=== TRY IT ===
Retype, exactly and completely, the listing that comes next, skipping its images.

=== COLLECTED MATERIAL ===
*-*-*
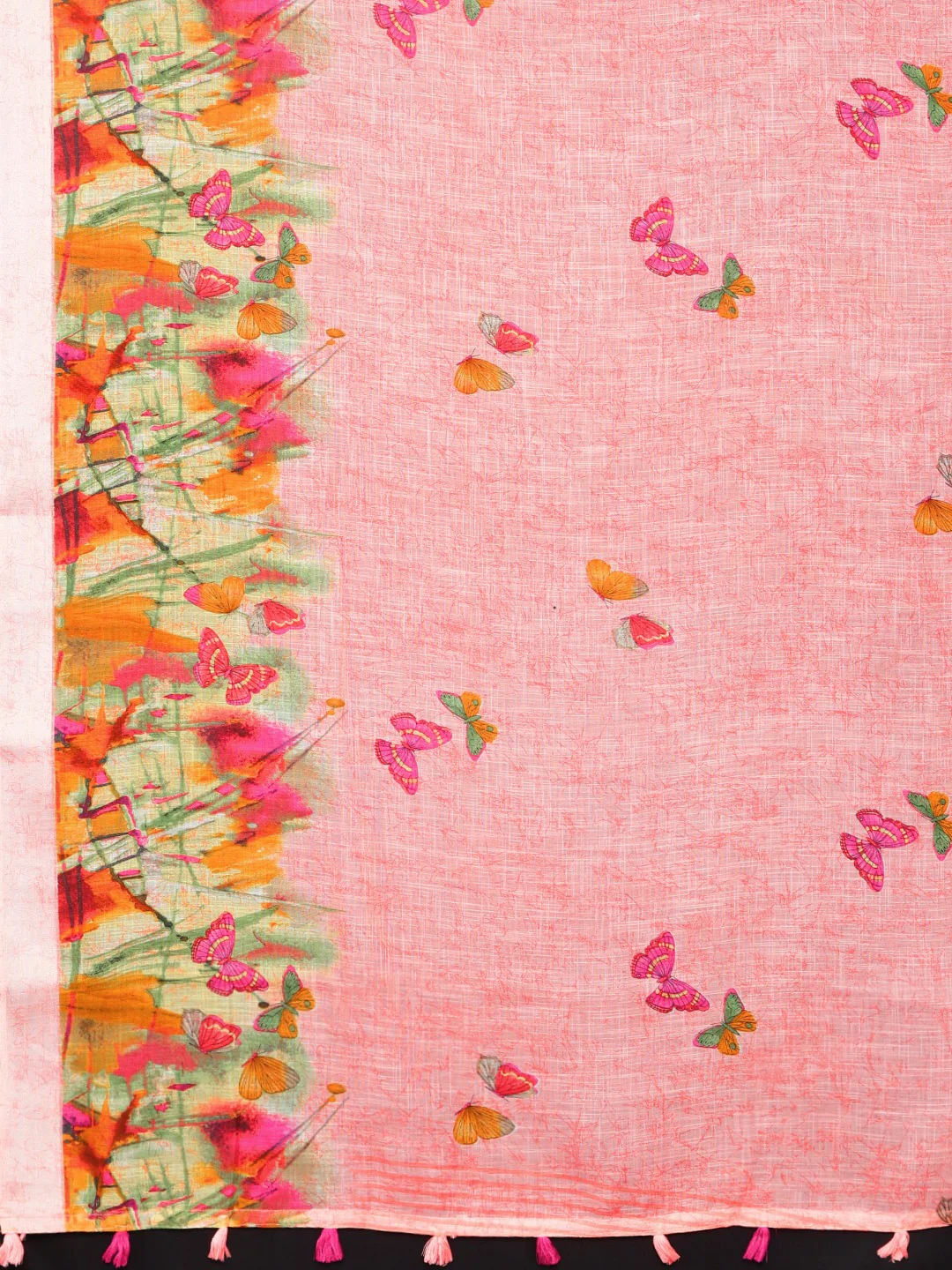 Neerus Pink Printed Saree With Blouse - Image 4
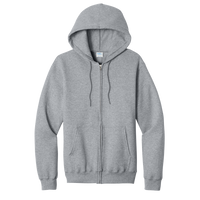 Port & Co Core Fleece Full Zip Hooded Sweatshirt, Athletic Heather, Front view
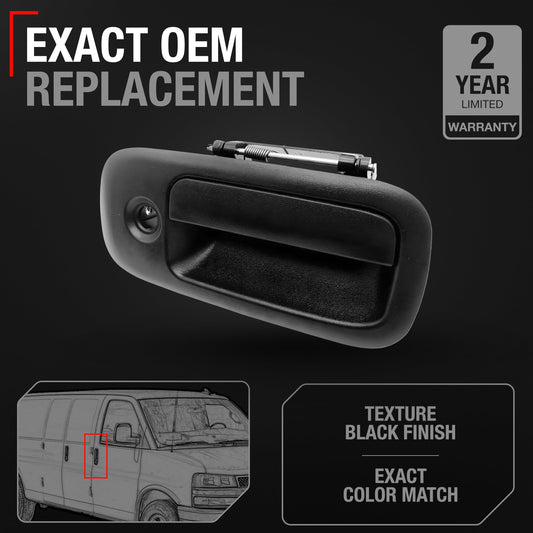 Chevrolet Express GMC Savana Exterior Rear Passenger Hinged Door Handle - Textured Black - Rear Right Handle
*-*-*
=== EXERCISE OUTPUT ===
 Neerus Pink Printed Saree With Blouse - Image 4
 Port & Co Core Fleece Full Zip Hooded Sweatshirt, Athletic Heather, Front view
 Chevrolet Express GMC Savana Exterior Rear Passenger Hinged Door Handle - Textured Black - Rear Right Handle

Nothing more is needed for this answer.